_Work required_
A verbatim reproduction of the lines below, from the line containing "Tierra para macetas" through the line containing "Poster oranges fruit", both ends included, is the whole required output.

Stored items:
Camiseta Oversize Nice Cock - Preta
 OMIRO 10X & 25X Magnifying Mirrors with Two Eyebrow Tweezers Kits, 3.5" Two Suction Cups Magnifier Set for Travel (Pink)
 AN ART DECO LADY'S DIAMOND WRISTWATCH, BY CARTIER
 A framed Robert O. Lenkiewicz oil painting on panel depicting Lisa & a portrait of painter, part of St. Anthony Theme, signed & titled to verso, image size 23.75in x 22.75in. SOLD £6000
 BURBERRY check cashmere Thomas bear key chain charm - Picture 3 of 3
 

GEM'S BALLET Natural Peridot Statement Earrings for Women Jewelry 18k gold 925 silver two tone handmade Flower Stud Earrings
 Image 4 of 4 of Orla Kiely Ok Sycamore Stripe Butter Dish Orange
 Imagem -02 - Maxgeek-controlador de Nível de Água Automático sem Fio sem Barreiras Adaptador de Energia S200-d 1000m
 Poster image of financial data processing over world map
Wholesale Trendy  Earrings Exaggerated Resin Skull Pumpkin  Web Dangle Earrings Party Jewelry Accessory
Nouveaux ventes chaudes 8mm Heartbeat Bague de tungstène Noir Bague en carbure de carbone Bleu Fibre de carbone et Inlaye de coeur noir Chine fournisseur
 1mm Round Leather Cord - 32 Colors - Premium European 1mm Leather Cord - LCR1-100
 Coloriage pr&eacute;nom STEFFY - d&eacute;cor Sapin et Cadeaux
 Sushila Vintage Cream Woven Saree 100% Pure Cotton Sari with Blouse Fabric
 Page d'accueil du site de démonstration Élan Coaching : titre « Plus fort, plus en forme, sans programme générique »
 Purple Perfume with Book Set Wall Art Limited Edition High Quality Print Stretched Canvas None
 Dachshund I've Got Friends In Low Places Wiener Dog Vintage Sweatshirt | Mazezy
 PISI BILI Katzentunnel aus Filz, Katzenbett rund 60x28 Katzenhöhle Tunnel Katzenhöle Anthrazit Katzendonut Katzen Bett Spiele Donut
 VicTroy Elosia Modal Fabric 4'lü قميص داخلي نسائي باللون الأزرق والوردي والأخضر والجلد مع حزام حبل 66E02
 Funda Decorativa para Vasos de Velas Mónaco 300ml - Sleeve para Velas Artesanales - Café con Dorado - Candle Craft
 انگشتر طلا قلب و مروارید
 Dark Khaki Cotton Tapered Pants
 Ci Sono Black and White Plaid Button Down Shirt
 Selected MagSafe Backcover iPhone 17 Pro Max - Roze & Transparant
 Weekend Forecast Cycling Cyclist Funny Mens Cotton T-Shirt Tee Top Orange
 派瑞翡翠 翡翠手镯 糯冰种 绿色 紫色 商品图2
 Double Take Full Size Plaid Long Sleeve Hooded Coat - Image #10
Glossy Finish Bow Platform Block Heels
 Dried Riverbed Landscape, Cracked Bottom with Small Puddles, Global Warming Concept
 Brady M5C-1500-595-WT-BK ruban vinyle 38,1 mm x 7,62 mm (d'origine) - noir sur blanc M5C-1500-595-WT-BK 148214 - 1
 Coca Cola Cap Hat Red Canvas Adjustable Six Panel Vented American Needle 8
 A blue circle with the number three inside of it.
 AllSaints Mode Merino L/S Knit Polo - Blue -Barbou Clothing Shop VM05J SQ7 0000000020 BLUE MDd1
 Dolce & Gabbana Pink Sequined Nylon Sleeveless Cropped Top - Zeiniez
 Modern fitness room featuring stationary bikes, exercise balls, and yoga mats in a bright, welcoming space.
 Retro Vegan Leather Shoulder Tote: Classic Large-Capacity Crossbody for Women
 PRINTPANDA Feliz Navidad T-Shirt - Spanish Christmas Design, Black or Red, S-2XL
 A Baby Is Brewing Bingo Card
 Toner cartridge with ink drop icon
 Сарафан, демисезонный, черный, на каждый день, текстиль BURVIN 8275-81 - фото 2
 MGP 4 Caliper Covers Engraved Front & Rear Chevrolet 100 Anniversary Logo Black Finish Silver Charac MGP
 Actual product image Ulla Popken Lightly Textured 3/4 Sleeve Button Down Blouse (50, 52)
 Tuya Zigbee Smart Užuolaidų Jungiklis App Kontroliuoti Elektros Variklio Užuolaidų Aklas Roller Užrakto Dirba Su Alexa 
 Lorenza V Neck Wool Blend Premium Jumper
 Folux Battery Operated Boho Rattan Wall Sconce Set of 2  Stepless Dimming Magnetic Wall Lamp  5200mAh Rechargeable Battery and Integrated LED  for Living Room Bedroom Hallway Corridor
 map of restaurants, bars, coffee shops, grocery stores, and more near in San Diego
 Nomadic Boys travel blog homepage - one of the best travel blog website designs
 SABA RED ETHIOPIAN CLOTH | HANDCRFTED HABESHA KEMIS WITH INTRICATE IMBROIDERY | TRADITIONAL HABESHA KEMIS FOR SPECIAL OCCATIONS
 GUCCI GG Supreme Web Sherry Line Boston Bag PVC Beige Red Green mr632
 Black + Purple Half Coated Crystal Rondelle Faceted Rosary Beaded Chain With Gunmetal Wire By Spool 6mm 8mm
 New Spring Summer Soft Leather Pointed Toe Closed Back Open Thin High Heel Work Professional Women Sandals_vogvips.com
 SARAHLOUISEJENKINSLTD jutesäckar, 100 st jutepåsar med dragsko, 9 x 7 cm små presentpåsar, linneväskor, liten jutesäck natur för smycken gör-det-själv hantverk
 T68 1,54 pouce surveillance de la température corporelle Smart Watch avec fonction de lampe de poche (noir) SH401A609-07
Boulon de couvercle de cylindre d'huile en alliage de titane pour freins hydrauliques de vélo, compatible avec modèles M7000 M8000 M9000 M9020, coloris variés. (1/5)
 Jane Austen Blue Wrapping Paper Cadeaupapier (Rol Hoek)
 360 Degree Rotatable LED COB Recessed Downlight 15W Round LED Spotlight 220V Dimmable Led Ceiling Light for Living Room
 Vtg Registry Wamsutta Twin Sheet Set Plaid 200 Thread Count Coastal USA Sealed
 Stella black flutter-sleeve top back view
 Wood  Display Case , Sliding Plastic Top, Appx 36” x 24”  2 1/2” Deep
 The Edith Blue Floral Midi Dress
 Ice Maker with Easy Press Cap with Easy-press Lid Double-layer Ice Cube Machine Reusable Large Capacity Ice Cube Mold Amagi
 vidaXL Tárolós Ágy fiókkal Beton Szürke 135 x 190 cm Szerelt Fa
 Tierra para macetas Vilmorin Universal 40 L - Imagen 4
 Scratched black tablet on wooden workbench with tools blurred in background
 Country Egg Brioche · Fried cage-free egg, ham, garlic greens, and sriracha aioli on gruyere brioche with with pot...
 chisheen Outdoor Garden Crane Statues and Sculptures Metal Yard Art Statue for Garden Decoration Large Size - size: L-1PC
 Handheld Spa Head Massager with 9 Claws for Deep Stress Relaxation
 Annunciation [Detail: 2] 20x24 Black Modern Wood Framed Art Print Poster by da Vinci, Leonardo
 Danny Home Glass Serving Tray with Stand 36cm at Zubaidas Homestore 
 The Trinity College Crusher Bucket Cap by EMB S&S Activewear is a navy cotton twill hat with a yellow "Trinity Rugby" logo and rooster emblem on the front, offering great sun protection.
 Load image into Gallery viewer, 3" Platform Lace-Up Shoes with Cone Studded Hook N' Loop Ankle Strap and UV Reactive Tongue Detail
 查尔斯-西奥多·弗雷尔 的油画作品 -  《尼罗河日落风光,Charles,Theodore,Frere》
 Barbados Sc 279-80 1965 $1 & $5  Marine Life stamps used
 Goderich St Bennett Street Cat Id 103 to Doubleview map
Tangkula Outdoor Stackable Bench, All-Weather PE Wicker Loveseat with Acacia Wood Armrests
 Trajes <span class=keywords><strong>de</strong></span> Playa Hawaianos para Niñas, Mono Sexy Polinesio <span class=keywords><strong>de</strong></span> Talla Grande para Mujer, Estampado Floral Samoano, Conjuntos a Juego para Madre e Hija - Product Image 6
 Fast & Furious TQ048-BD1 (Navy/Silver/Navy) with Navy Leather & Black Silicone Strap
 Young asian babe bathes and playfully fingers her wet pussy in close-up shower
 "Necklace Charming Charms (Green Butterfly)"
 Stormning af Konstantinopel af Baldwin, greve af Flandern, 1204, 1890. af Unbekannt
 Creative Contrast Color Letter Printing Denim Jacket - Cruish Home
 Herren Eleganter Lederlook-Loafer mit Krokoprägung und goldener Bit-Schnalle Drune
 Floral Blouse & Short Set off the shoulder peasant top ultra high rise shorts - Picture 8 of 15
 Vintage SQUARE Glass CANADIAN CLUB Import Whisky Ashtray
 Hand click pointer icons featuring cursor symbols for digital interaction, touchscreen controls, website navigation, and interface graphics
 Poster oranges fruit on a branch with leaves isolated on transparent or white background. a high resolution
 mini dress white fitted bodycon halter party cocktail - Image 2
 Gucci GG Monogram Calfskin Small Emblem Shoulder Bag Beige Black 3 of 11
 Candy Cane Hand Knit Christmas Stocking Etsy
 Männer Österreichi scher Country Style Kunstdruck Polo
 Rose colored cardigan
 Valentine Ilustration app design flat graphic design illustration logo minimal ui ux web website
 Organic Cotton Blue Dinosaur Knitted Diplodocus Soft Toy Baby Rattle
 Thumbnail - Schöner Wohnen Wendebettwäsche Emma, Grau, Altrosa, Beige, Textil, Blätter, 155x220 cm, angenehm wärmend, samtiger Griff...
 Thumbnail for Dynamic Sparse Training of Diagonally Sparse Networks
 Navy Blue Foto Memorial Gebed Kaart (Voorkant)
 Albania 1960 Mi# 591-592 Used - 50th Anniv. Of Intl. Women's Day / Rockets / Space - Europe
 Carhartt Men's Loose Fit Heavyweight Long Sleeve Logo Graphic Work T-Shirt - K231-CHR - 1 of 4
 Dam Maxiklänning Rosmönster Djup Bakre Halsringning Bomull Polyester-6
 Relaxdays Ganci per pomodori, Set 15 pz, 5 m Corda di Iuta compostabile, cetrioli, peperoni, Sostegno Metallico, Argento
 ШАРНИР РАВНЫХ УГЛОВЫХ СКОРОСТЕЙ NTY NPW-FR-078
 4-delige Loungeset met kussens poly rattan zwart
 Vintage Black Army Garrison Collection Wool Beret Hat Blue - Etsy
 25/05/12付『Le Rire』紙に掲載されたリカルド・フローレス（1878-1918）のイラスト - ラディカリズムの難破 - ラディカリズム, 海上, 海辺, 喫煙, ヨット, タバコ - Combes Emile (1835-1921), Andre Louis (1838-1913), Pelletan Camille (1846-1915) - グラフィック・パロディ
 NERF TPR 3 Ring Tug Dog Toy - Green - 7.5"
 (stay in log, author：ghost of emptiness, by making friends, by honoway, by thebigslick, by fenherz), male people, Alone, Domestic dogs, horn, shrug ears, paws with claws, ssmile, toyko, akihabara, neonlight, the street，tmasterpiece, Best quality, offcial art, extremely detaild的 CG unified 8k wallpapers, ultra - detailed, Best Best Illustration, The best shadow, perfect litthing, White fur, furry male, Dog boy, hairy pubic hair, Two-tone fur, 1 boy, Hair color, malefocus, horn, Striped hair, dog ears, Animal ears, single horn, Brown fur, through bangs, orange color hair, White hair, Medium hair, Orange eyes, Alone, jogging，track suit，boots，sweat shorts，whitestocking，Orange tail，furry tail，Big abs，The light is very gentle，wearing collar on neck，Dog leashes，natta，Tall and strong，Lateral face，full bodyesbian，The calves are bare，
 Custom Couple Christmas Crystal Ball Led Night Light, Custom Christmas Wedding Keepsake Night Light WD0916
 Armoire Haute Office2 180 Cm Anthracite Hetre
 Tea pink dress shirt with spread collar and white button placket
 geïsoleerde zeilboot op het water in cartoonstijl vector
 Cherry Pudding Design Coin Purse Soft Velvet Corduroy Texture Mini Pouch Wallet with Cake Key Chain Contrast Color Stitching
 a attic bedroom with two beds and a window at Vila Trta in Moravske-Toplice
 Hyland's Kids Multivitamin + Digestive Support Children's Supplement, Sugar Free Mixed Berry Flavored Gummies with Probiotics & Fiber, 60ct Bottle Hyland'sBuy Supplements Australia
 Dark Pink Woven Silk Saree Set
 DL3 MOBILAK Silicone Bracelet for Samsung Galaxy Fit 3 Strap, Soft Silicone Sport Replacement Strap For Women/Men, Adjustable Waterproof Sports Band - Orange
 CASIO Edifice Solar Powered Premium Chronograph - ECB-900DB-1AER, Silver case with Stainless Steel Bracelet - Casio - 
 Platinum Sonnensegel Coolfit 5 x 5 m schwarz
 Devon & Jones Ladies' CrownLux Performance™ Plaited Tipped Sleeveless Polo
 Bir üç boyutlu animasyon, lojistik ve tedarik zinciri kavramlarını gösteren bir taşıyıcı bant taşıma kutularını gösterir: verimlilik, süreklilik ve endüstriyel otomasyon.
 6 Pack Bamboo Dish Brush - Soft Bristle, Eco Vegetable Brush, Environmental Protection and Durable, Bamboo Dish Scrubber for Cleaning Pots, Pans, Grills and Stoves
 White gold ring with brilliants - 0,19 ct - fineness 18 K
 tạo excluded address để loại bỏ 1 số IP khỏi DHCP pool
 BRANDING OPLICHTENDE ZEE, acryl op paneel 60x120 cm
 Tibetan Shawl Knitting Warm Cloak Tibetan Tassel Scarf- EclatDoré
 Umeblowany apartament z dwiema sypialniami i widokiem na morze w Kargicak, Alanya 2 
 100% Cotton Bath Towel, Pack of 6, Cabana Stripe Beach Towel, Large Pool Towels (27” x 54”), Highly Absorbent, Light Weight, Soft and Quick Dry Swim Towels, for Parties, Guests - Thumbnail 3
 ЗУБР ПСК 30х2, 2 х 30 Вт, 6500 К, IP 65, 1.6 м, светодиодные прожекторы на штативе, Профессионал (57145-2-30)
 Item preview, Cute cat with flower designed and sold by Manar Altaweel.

_Written answer_
 Tierra para macetas Vilmorin Universal 40 L - Imagen 4
 Scratched black tablet on wooden workbench with tools blurred in background
 Country Egg Brioche · Fried cage-free egg, ham, garlic greens, and sriracha aioli on gruyere brioche with with pot...
 chisheen Outdoor Garden Crane Statues and Sculptures Metal Yard Art Statue for Garden Decoration Large Size - size: L-1PC
 Handheld Spa Head Massager with 9 Claws for Deep Stress Relaxation
 Annunciation [Detail: 2] 20x24 Black Modern Wood Framed Art Print Poster by da Vinci, Leonardo
 Danny Home Glass Serving Tray with Stand 36cm at Zubaidas Homestore 
 The Trinity College Crusher Bucket Cap by EMB S&S Activewear is a navy cotton twill hat with a yellow "Trinity Rugby" logo and rooster emblem on the front, offering great sun protection.
 Load image into Gallery viewer, 3" Platform Lace-Up Shoes with Cone Studded Hook N' Loop Ankle Strap and UV Reactive Tongue Detail
 查尔斯-西奥多·弗雷尔 的油画作品 -  《尼罗河日落风光,Charles,Theodore,Frere》
 Barbados Sc 279-80 1965 $1 & $5  Marine Life stamps used
 Goderich St Bennett Street Cat Id 103 to Doubleview map
Tangkula Outdoor Stackable Bench, All-Weather PE Wicker Loveseat with Acacia Wood Armrests
 Trajes <span class=keywords><strong>de</strong></span> Playa Hawaianos para Niñas, Mono Sexy Polinesio <span class=keywords><strong>de</strong></span> Talla Grande para Mujer, Estampado Floral Samoano, Conjuntos a Juego para Madre e Hija - Product Image 6
 Fast & Furious TQ048-BD1 (Navy/Silver/Navy) with Navy Leather & Black Silicone Strap
 Young asian babe bathes and playfully fingers her wet pussy in close-up shower
 "Necklace Charming Charms (Green Butterfly)"
 Stormning af Konstantinopel af Baldwin, greve af Flandern, 1204, 1890. af Unbekannt
 Creative Contrast Color Letter Printing Denim Jacket - Cruish Home
 Herren Eleganter Lederlook-Loafer mit Krokoprägung und goldener Bit-Schnalle Drune
 Floral Blouse & Short Set off the shoulder peasant top ultra high rise shorts - Picture 8 of 15
 Vintage SQUARE Glass CANADIAN CLUB Import Whisky Ashtray
 Hand click pointer icons featuring cursor symbols for digital interaction, touchscreen controls, website navigation, and interface graphics
 Poster oranges fruit on a branch with leaves isolated on transparent or white background. a high resolution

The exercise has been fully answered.